▸ **Data excerpts**:

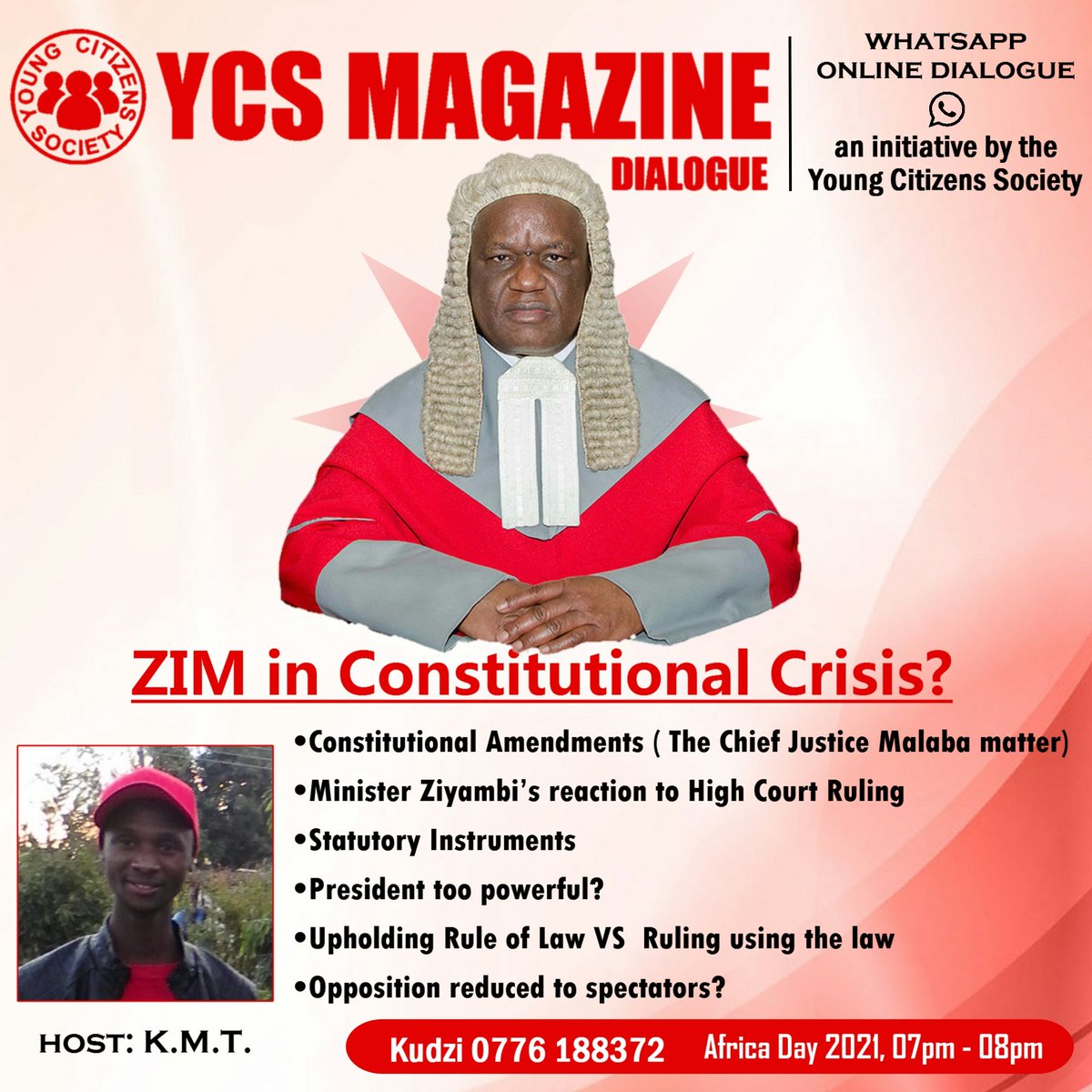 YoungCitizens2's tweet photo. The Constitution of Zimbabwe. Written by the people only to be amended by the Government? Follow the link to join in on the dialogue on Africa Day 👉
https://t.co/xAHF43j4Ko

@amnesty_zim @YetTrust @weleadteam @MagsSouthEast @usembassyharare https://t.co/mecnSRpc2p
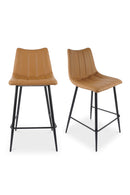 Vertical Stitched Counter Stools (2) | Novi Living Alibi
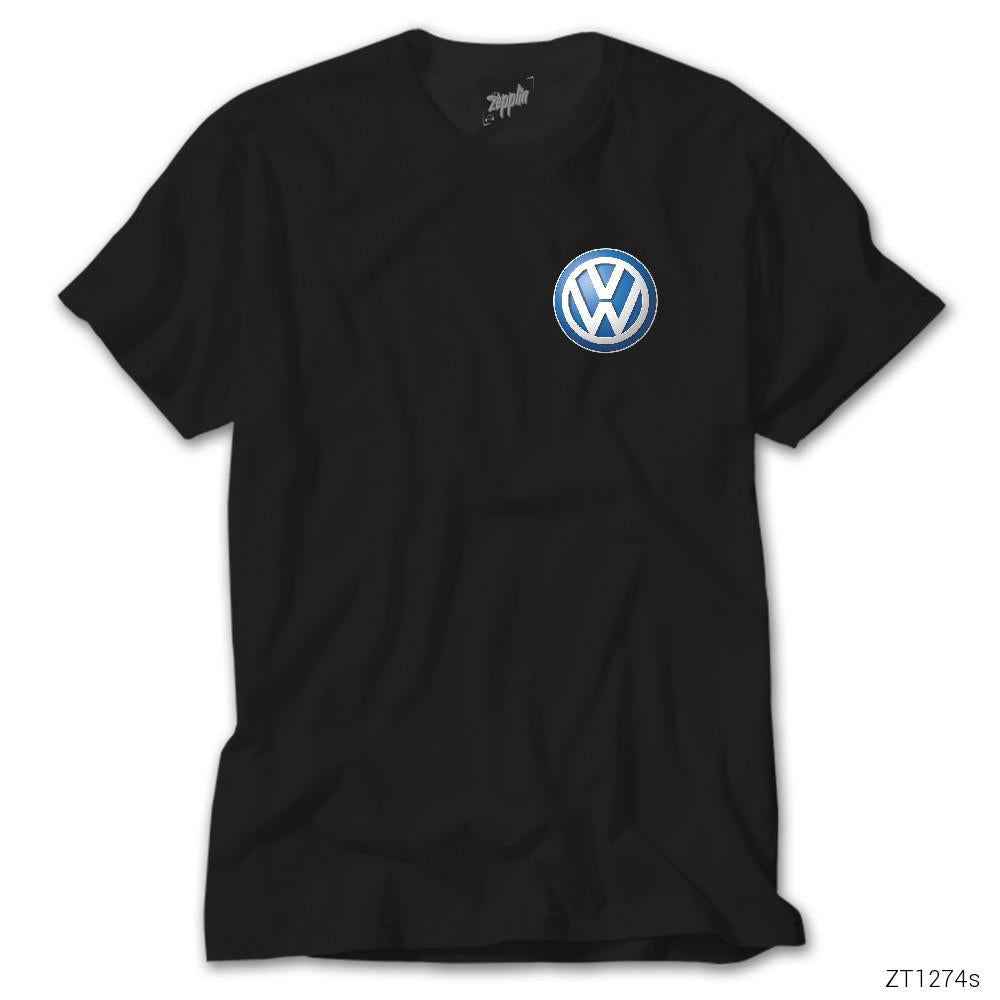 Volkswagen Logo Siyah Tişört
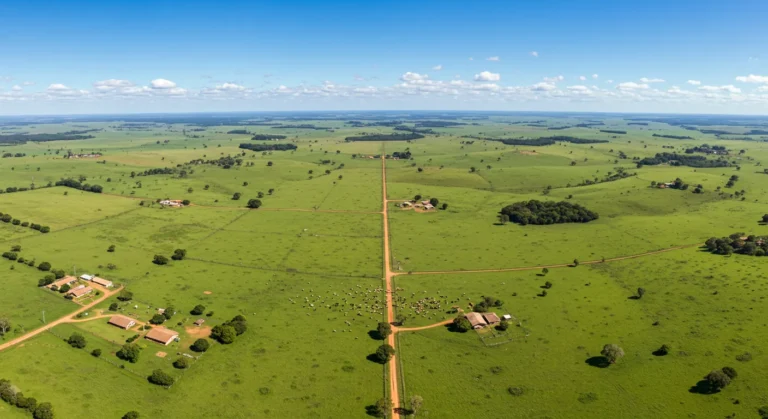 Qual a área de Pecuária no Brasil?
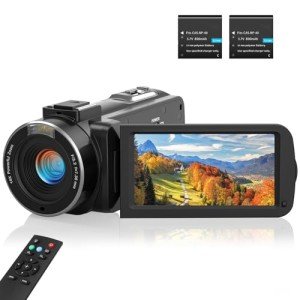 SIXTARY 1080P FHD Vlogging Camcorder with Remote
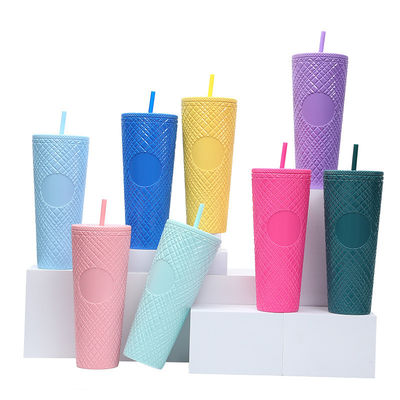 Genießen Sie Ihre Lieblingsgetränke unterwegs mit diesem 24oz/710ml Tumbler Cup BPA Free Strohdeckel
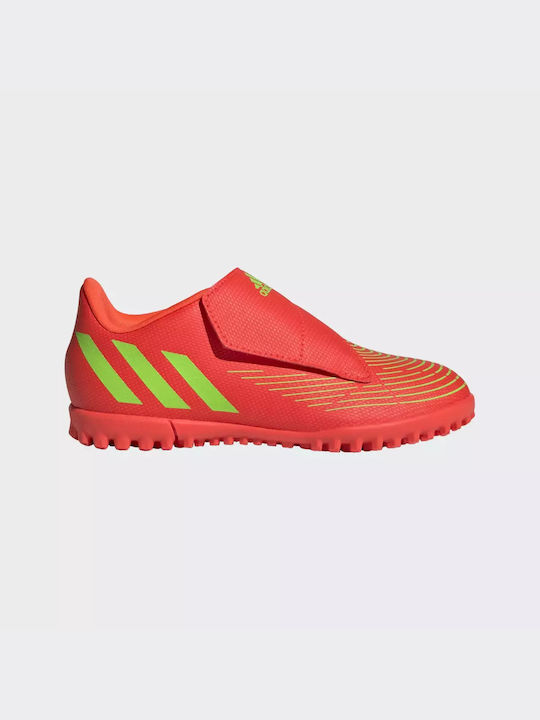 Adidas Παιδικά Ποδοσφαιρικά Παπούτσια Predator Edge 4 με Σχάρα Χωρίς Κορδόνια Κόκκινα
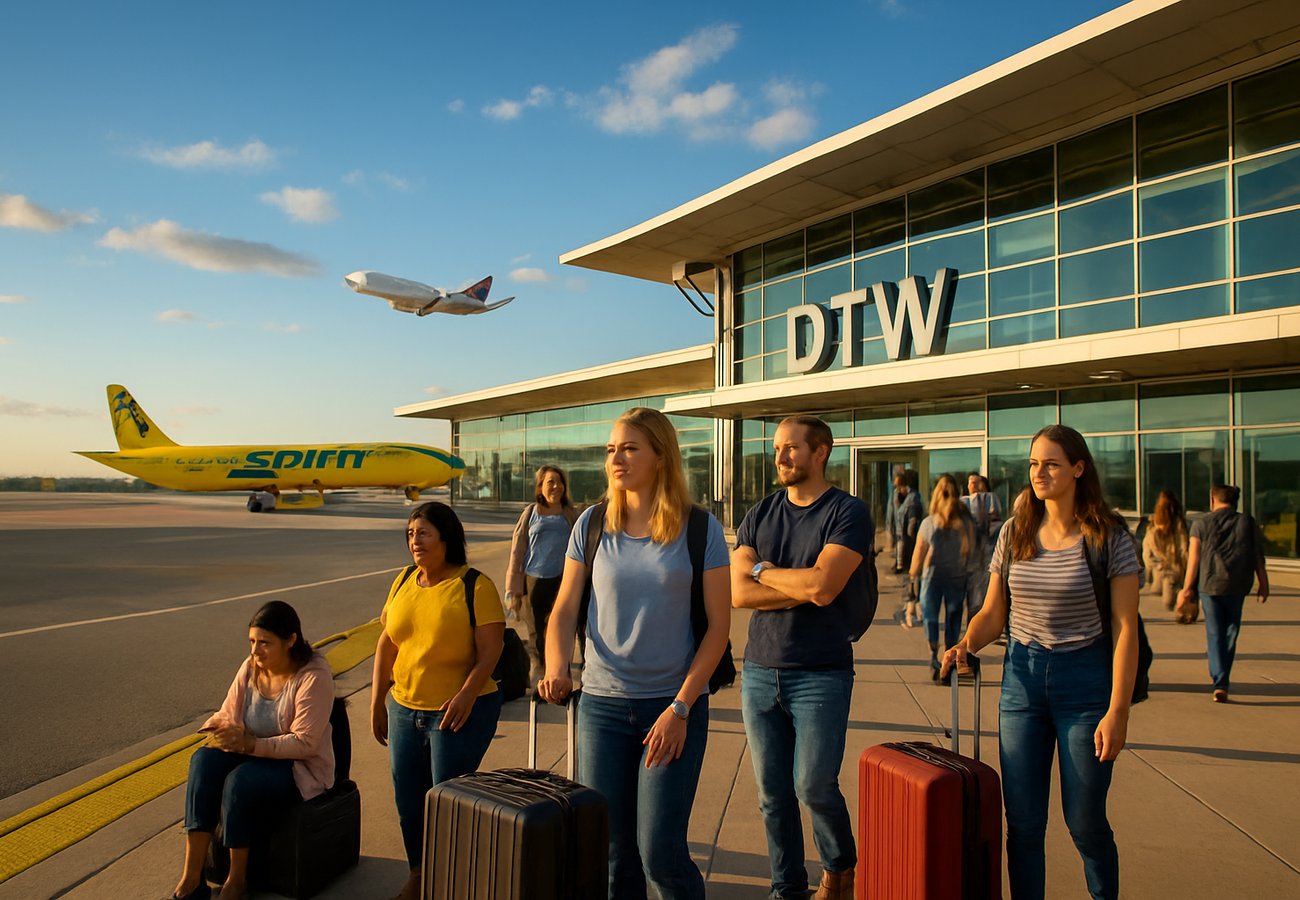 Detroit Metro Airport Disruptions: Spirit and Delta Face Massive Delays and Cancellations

▸ **Requirement**:
Give the listing again exactly, but omit each image.

▸ **Problem solution**:
 YoungCitizens2's tweet photo. The Constitution of Zimbabwe. Written by the people only to be amended by the Government? Follow the link to join in on the dialogue on Africa Day 👉
https://t.co/xAHF43j4Ko

@amnesty_zim @YetTrust @weleadteam @MagsSouthEast @usembassyharare https://t.co/mecnSRpc2p
 Vertical Stitched Counter Stools (2) | Novi Living Alibi
 Volkswagen Logo Siyah Tişört
 Qual a área de Pecuária no Brasil?
 SIXTARY 1080P FHD Vlogging Camcorder with Remote
 Genießen Sie Ihre Lieblingsgetränke unterwegs mit diesem 24oz/710ml Tumbler Cup BPA Free Strohdeckel
 Adidas Παιδικά Ποδοσφαιρικά Παπούτσια Predator Edge 4 με Σχάρα Χωρίς Κορδόνια Κόκκινα
 Detroit Metro Airport Disruptions: Spirit and Delta Face Massive Delays and Cancellations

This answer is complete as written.